Salone del Mobile 2014: Sliding Nature installation takes the gifts of nature into homes

Sliding Nature: a new relationship between people’s living environments and nature.

 

Japanese houses traditionally use “Fusuma” or “Shoji” paper sliding doors to take the gifts of nature into homes, such as pleasant breezes and soft sunlight. Thanks to the sliding doors, people can also enjoy the surrounding scenery. Thanks to the sliding doors, people can also enjoy the surrounding scenery.

At this year’s Salone del Mobile, one of the largest and most influential design exhibitions in the world, held in Milan, Panasonic proposed a new relationship between people’s living environments and nature. Designed by noted architects TORAFU ARCHITECTS, the “SLIDING NATURE” concept installation exhibited in the courtyard of the University of Milan, was a house shaped structure made with sliding doors. These sliding doors on all four sides move in response to music. Sometimes they move regularly and other times, randomly.
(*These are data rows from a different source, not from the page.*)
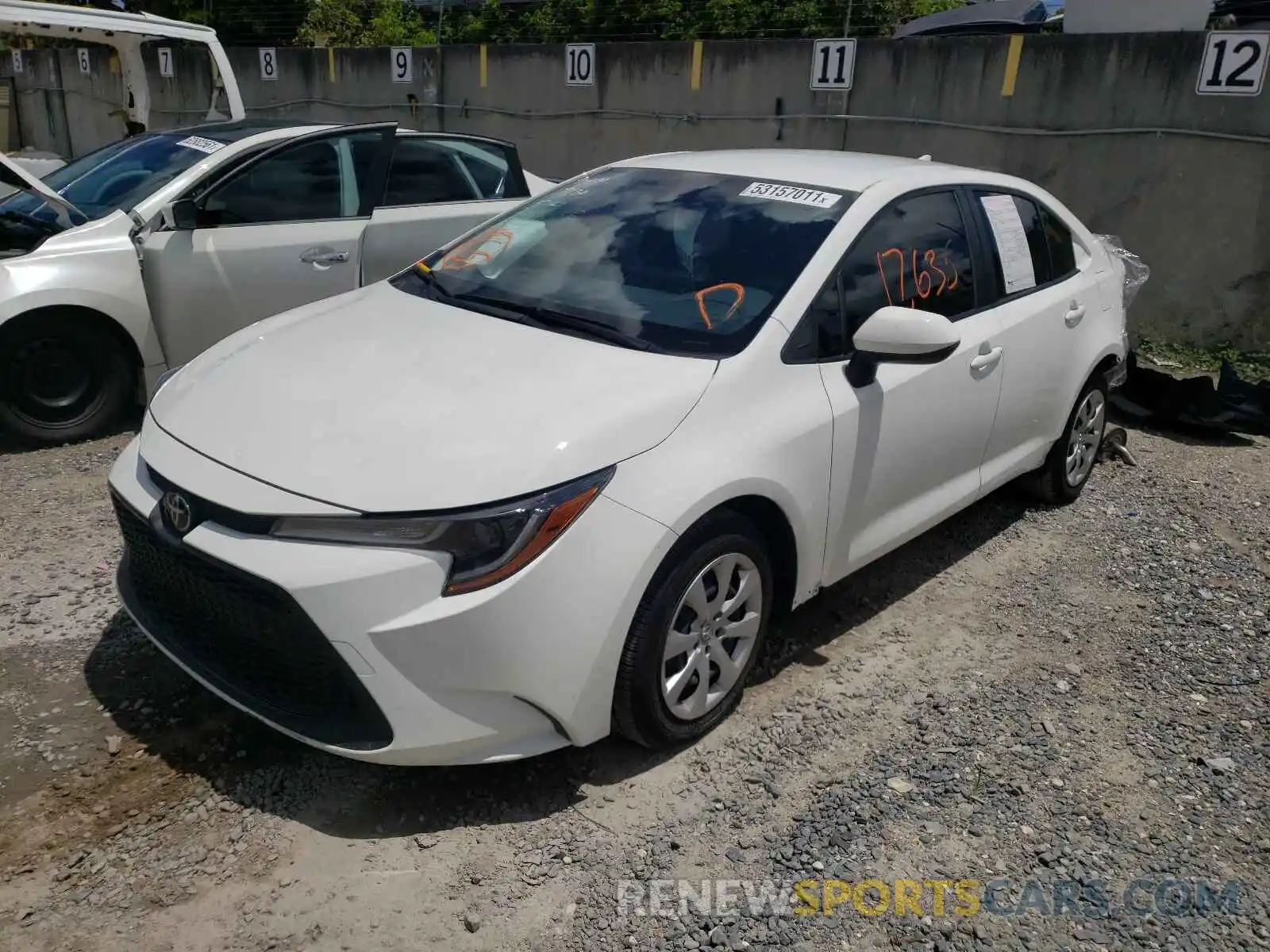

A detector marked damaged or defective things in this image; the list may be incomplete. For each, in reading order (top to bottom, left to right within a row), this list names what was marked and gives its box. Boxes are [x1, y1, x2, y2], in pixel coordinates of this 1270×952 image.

white damaged sedan [106, 147, 1133, 766] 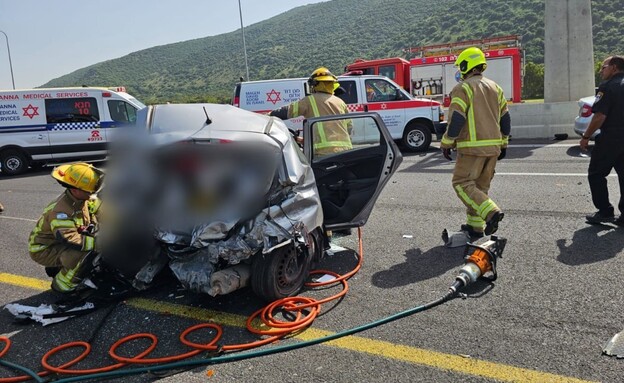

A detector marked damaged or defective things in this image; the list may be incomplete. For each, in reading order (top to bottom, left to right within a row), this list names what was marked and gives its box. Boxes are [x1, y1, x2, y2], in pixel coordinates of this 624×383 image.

severely damaged car [95, 105, 402, 304] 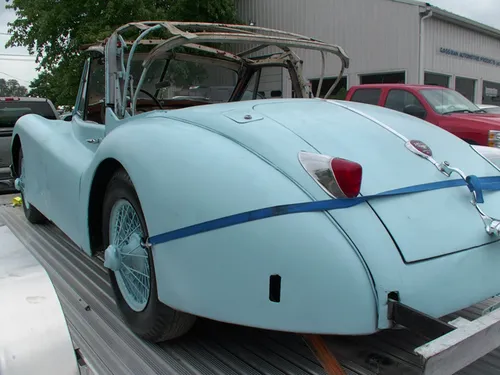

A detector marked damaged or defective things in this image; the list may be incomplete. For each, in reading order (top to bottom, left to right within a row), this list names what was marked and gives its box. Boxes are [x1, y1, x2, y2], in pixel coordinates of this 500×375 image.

rusty metal frame [100, 20, 352, 119] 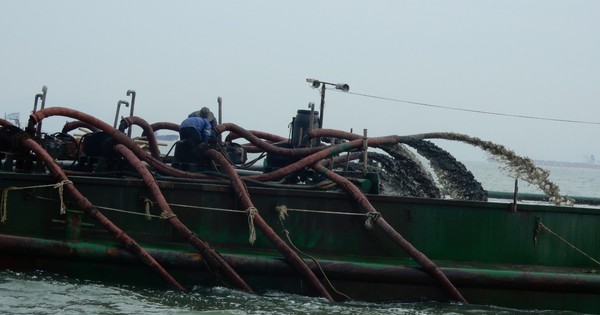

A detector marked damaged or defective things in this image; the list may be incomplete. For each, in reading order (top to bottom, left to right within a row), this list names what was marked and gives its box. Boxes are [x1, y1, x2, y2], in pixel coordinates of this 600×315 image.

rusty red pipe [20, 138, 185, 292]
rusty red pipe [114, 144, 253, 296]
rusty red pipe [204, 149, 336, 302] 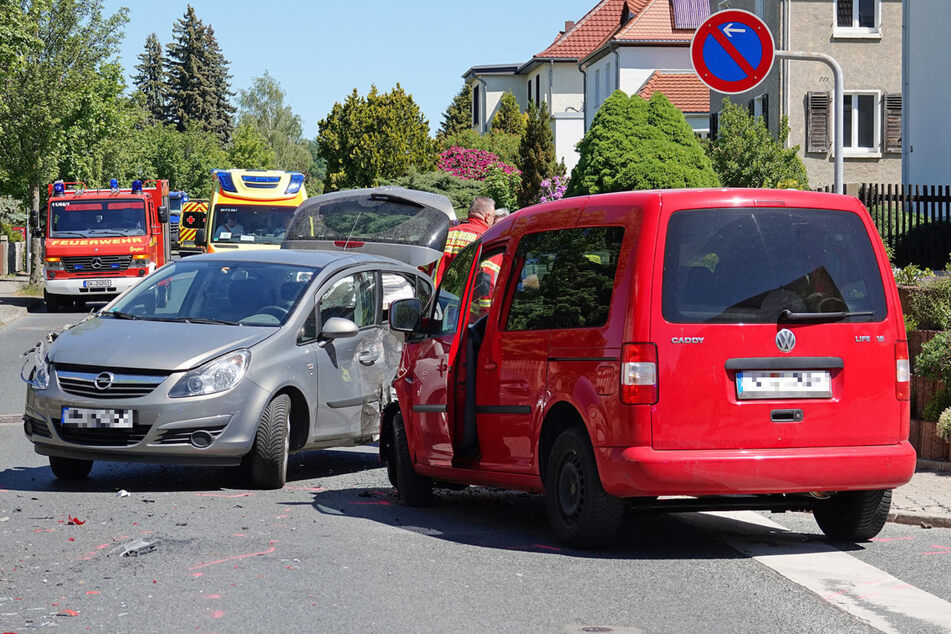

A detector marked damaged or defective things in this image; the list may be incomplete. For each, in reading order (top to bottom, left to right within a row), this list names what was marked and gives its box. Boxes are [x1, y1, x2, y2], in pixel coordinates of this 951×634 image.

shattered headlight [168, 348, 251, 398] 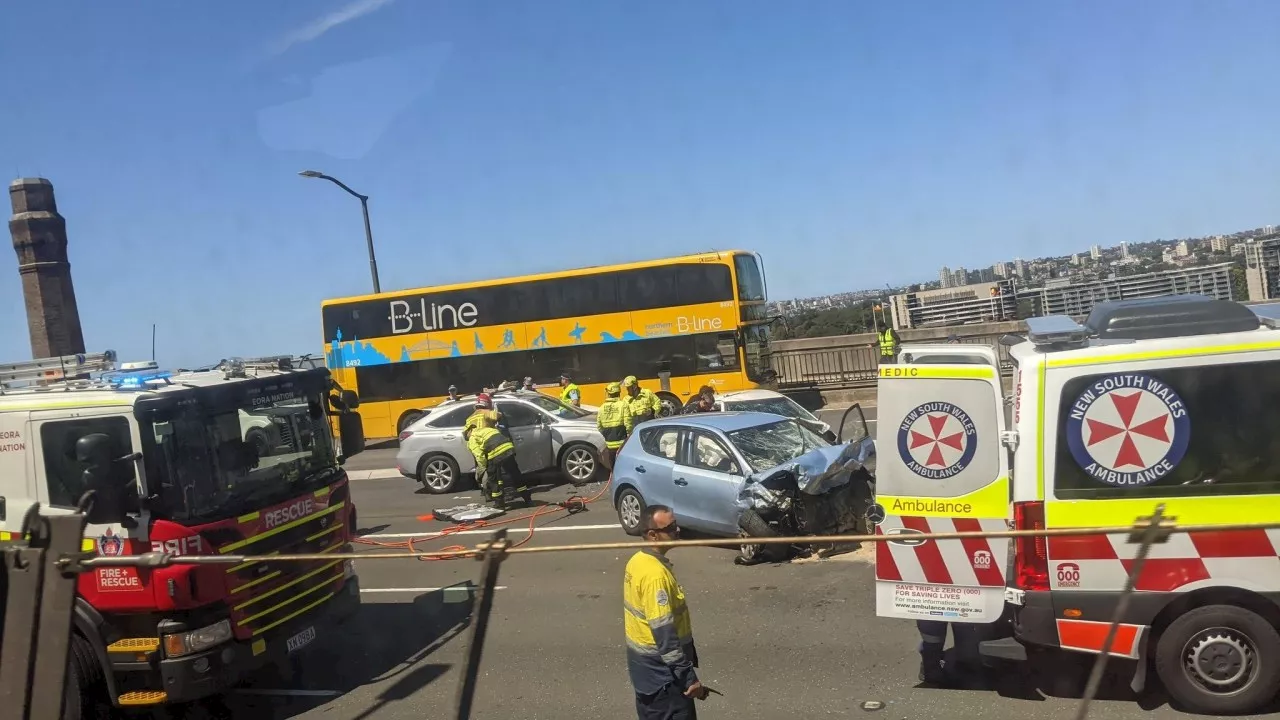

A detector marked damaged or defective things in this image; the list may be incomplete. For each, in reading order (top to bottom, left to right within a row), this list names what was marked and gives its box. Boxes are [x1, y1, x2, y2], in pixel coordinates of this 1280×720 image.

shattered windscreen [727, 415, 824, 471]
crushed front end of car [737, 435, 875, 563] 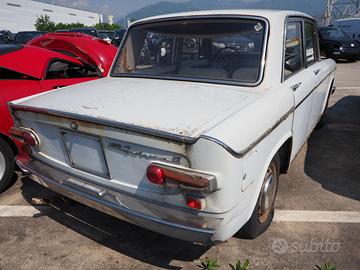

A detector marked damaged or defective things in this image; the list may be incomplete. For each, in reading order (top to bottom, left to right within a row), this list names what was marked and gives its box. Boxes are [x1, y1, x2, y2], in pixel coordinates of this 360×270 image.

rusty white sedan [9, 10, 338, 243] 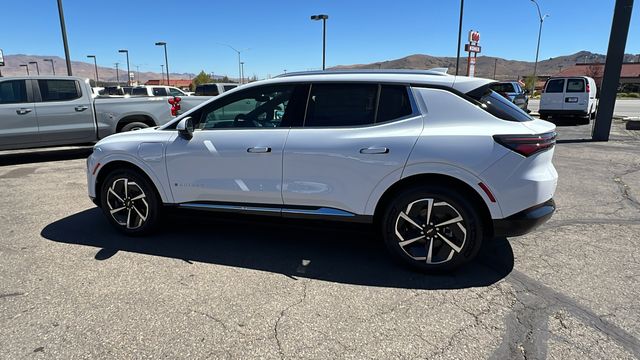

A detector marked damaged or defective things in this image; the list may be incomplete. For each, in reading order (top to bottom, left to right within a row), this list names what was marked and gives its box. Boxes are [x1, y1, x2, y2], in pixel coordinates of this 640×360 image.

crack in asphalt [272, 282, 308, 360] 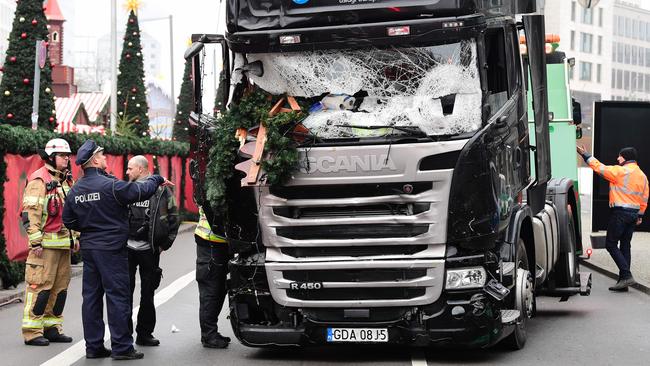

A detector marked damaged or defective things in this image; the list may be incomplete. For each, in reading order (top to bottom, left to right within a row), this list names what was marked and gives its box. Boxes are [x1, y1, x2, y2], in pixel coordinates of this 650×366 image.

The lighting in the installation, made up of a projector which lights up the ceiling of the home, 120 synchronized color controllable LED architectural lights in the ground and first floor corridors, and 175 LED lamps scattered throughout the yard, shines in synchronization with the moving doors, creating a variety of living environments. In addition, 50 surface-emitting LED lamps are suspended from the ceiling in the entrance to the corridor that surrounds the courtyard.
The brightness and color of these lamps can be adjusted as desired.

In this installation, Panasonic usied sliding doors, based on the concept of passive energy management, which can welcome the blessings of nature, while closing out the cold and the heat. This is combined with LED lighting, a component of active energy management, to both conserve energy and achieve better spatial value by matching lighting to people’s lifestyle.